Attentat de Nice : Lahouaiej Bouhlel a-t-il pratiqué la
taqiya, «l'art» de la dissimulation ? (22.07.2016)
Le camion utilisé par Mohamed Lahouaiej Bouhlel.
Par Anne Jouan
Mis à jour le 22/07/2016 à 20h10 | Publié le 22/07/2016 à
19h56
VIDÉO - La taqiya est enseignée dans les camps d'al-Qaida.
Elle permet aux terroristes d'enfreindre les règles de l'islam pour mieux se
fondre dans la population et ainsi cacher le plus longtemps possible leurs
projets criminels.
Une semaine après la tuerie de Nice qui a vu mourir 84
spectateurs lors de la fête nationale, l'enquête progresse. Jeudi soir, le
procureur de la République de Paris, François Molins, a expliqué que Mohamed
Lahouaiej Bouhlel, le tueur de Nice, se préparait en réalité depuis des mois.
Les 400 enquêteurs mobilisés ont découvert «des clichés révélateurs» dans son
téléphone, notamment des feux d'artifice du 14 juillet et du 15 août 2015 à
Nice ou d'un article de Nice-Matin du 1er janvier 2016 intitulé «Il fonce
volontairement sur la terrasse d'un restaurant». Deux jours après l'attentat,
Bernard Cazeneuve, le ministre de l'Intérieur, avait estimé que la
radicalisation du tueur avait été très rapide.
«Jusqu'à présent, je n'ai jamais vu de cas de radicalisation
express.
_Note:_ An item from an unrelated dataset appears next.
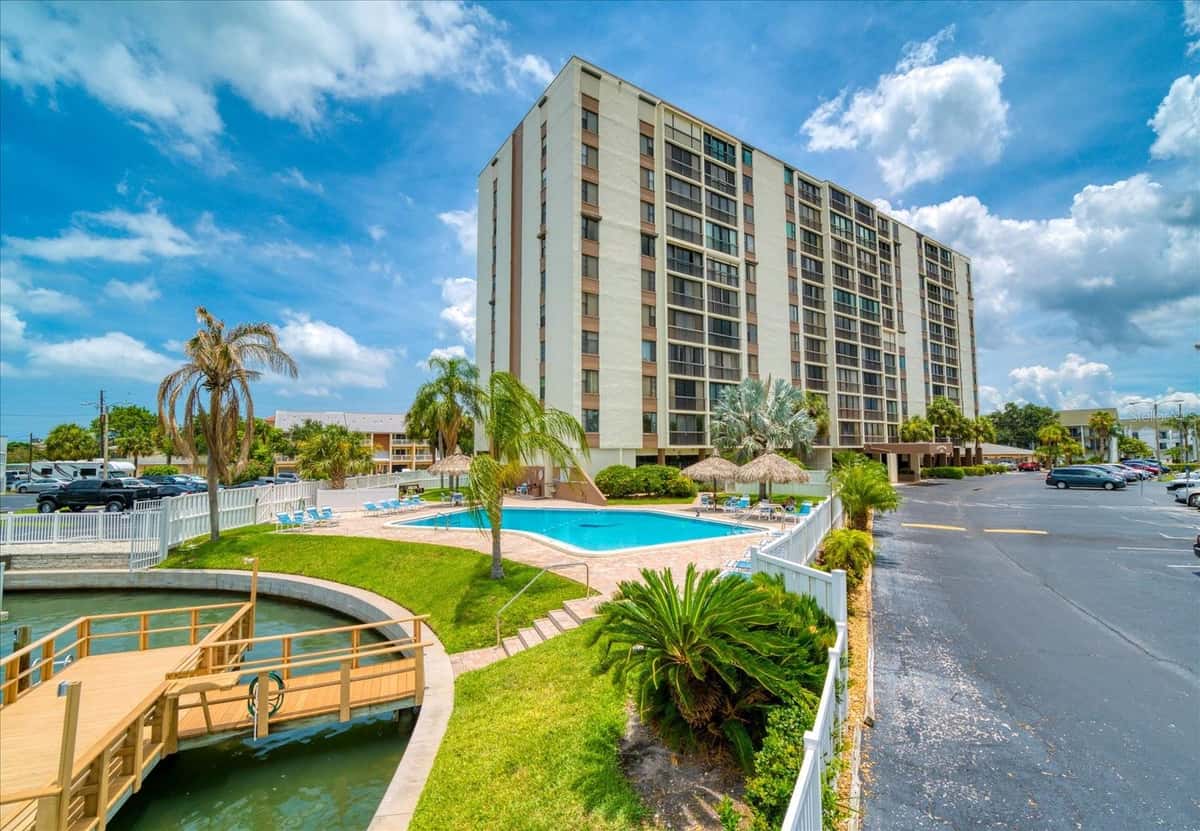 255 DOLPHIN POINT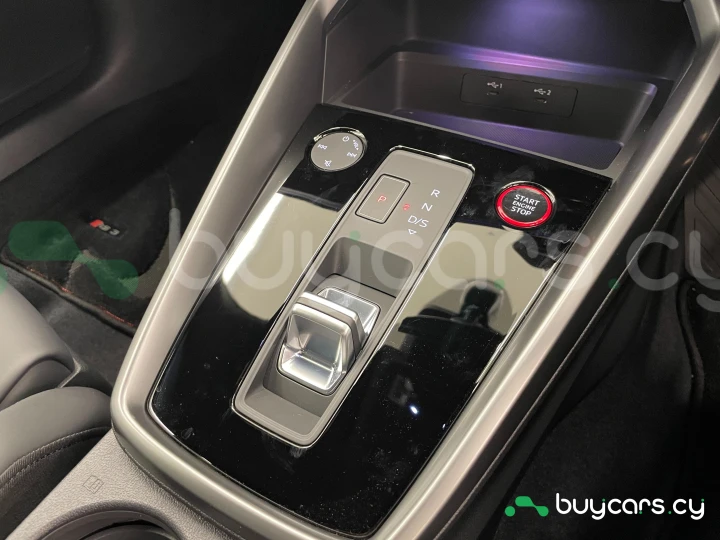 Audi RS3 Sportback Зеленый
Chez les enfants et les adolescents, oui, mais pas chez les adultes,
explique Farhad Khosrokhavar, directeur d'études à l'EHESS. On ne peut parler
de radicalisation que s'il y a une composante idéologique. Seule, l'action
violente ne suffit pas. Dans le cas de Nice, il s'agit plutôt pour moi, d'un
désespoir à la glorification de soi, couplée à une très forte perturbation
psychique».
Romain Caillet, spécialiste du djihadisme estime pour sa part que
dans ce milieu, tout est possible. Et de rappeler qu'il y a, notamment dans le
djihad médiéval des exemples de convertis express, des hommes partis se battre
sur un coup de tête.
L'intérêt du jeune homme pour l'islam radical, pour
«certain» qu'il soit, selon François Molins, semble «récent». Depuis huit
jours, selon des témoignages recueillis pendant l'enquête, il s'était notamment
laissé pousser la barbe, l'expliquant par une «signification religieuse» et
évoquant l'État islamique, toujours selon le magistrat parisien.
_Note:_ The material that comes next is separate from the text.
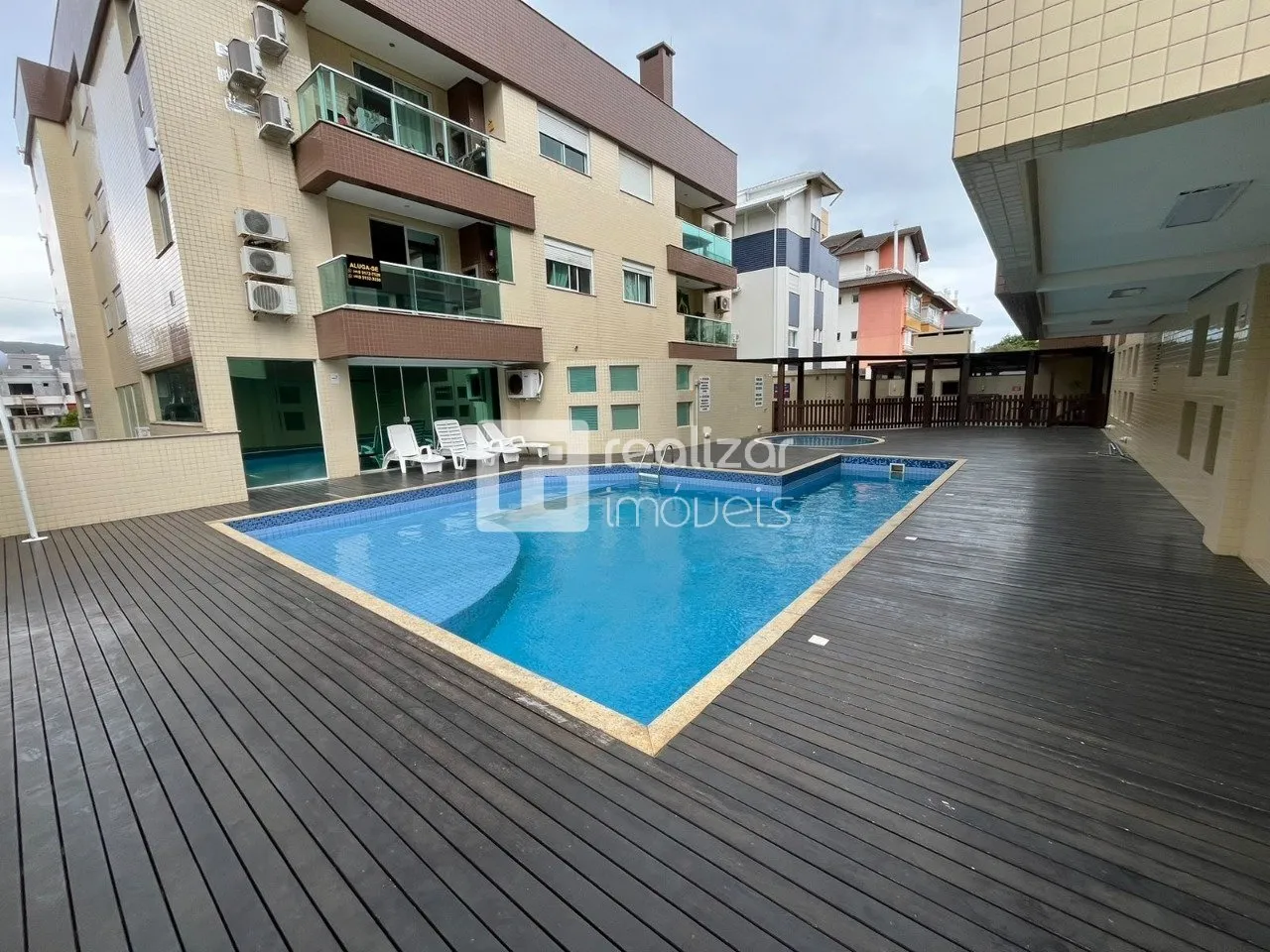 Balcony with a grill in a 2-bedroom apartment, 73 m² — photo 3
Aurait-il pratiqué la taqiya, cet «art» de la dissimulation
de la foi? Cette méthode, enseignée dans les camps d'al-Qaida à partir du
milieu des années 1990, permet aux terroristes d'enfreindre les règles de
l'islam pour mieux se fondre dans la population et ainsi cacher le plus
longtemps possible leurs projets criminels. Or jusqu'à récemment, Lahouaiej
Bouhlel ne faisait pas le ramadan, buvait de l'alcool et prenait de la drogue.
«Les attaques de janvier et novembre 2015 à Paris ont été perpétrées par des
jeunes gens qui revenaient de Syrie, souligne Romain Caillet. L'État islamique
les avait formés et ils s'étaient entraînés sur place, pour Nice, rien de tel.»
Selon lui, Daech a peut-être inspiré Mohamed Lahouaiej Bouhlel, mais le fait que
l'organisation ait mis deux jours pour revendiquer l'attentat de Nice témoigne
«du temps qu'il leur a fallu pour identifier des gens de son entourage et dont
Daech pouvait se revendiquer».
«S'il n'y avait pas eu Daech, Lahouaiej Bouhlel aurait
trouvé autre chose. Le sentiment de toute-puissance est l'orgasme terroriste,
car il s'agit d'être à la fois le représentant et le bourreau de Dieu»,
explique Farhad Khosrokhavar, qui pense que le tueur de Nice faisait très
certainement preuve d'un «sentiment de décolonisation mal dégrossi».